[Dataset records]:
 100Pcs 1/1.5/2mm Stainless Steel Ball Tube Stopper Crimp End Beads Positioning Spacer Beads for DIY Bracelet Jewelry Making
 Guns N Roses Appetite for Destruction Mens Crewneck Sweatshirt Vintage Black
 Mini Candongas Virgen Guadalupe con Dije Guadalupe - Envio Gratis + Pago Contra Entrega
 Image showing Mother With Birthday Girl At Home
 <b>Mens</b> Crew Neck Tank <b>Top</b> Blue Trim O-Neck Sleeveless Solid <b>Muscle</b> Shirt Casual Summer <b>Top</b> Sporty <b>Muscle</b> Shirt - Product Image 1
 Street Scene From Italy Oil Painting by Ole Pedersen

[Work item]: Print each line, starting with the one that contains "Image showing Mother" and ending with the last line of the data, exactly as it stands and with no other lines.

[Task solution]:
 Image showing Mother With Birthday Girl At Home
 <b>Mens</b> Crew Neck Tank <b>Top</b> Blue Trim O-Neck Sleeveless Solid <b>Muscle</b> Shirt Casual Summer <b>Top</b> Sporty <b>Muscle</b> Shirt - Product Image 1
 Street Scene From Italy Oil Painting by Ole Pedersen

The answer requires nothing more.